Hours before James Holmes allegedly carried out a massacre at a Colorado movie theater he took a series of menacing self-portraits with his dyed orange hair curling out of from under a black skull cap and his eyes covered with black contacts.
A prosecutor told the court after the photographs were shown that Holmes had a "depravity of human heart."
Those haunting photographs, found on his iPhone, were shown in court today on the last day of a preliminary testimony that will lead to a decision on whether the case will go to trial. The hearing concluded without Holmes' defense calling any witnesses.
The judge's decision on whether the case will proceed to trial is expected on Friday.
Holmes, 25, is accused of opening fire on a crowded movie theater in Aurora, Colo., on July 20, 2012, killing 12 people and wounding 58 others during a showing of "Dark Knight Rises."
The photos presented in court showed Holmes mugging for his iPhone camera just hours before the shooting.
Half-a-dozen photos showed Holmes with his clownish red-orange hair curled out from underneath a black skull cap. He wore black contact lenses in some of the pictures.
In one particularly disturbing image, he was making a scowling face with his tongue out. He was whistling in another photo. Holmes is smiling in his black contacts and flaming hair in yet another with the muzzle of one of his Glock pistols in the forefront.
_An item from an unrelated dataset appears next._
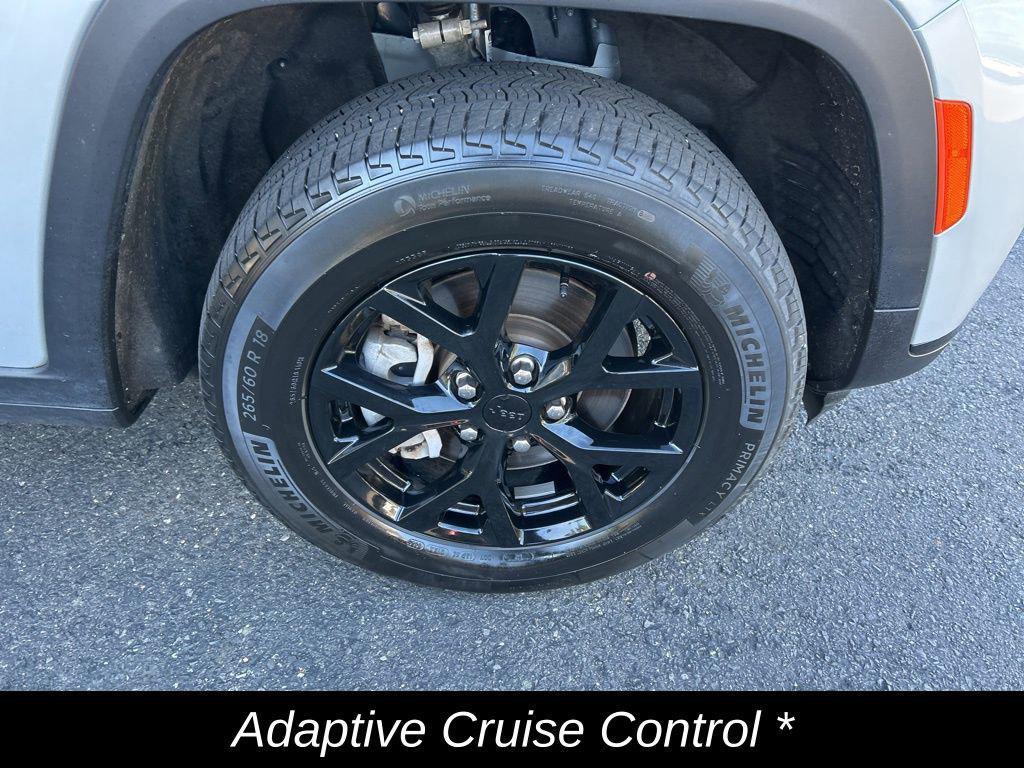 used 2024 Jeep Grand Cherokee L car, priced at $30,321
Yet another showed him dressed in black tactical gear, posing with an AR-15 rifle.
Victims' families in the courtroom stared straight ahead, showing little emotion while the photos were shown. Tom Teves, whose son Alex was killed in the theater, kept an intense stare on the pictures.
Other photos seized from the iPhone show pictures that a detective testified were taken of the interior of the Aurora movie theater in the days leading up to the attack, on June 29, July 5 and July 11.
Before the prosecution called for the photos, public defender Tammy Brady objected. Prosecutor Karen Pearson said that the photos showed deliberation and extreme indifference. Judge William Sylvester overruled the objection and the photos were released.
In Pearson's closing statement, she said there is an abundance of direct evidence that Holmes "wanted to kill call of them. He knew what he was doing."
She said that Holmes had a "depravity of human heart" and that he "went into the theater without knowing or caring who they are." The prosecutor said he "picked the perfect venue for the perfect crime."
Pearson said prosecutors made a decision not to include all of the people who were in theaters eight and nine that night. If they had, they could have had 1,500 counts against Holmes. Instead, they included anyone who had physical injuries, including those with gunshot wounds and those who were hurt running out of the theater. There are 166 counts in all.
The judge has taken the case under advisement and there will be a status hearing or arraignment on Friday when the judge will decide whether the case will proceed to a full trial. Holmes' attorneys have not yet said whether they plan on using a insanity defense, in which case Holmes could possibly be deemed unfit to stand trial. Another possibility is that the hearing could set the stage for a plea deal.
This week's testimony has included emotional testimony from first responders, details about Holmes' elaborately booby trapped apartment, a rundown of his arsenal of legally purchased weapons and descriptions of his bizarre behavior following the shooting.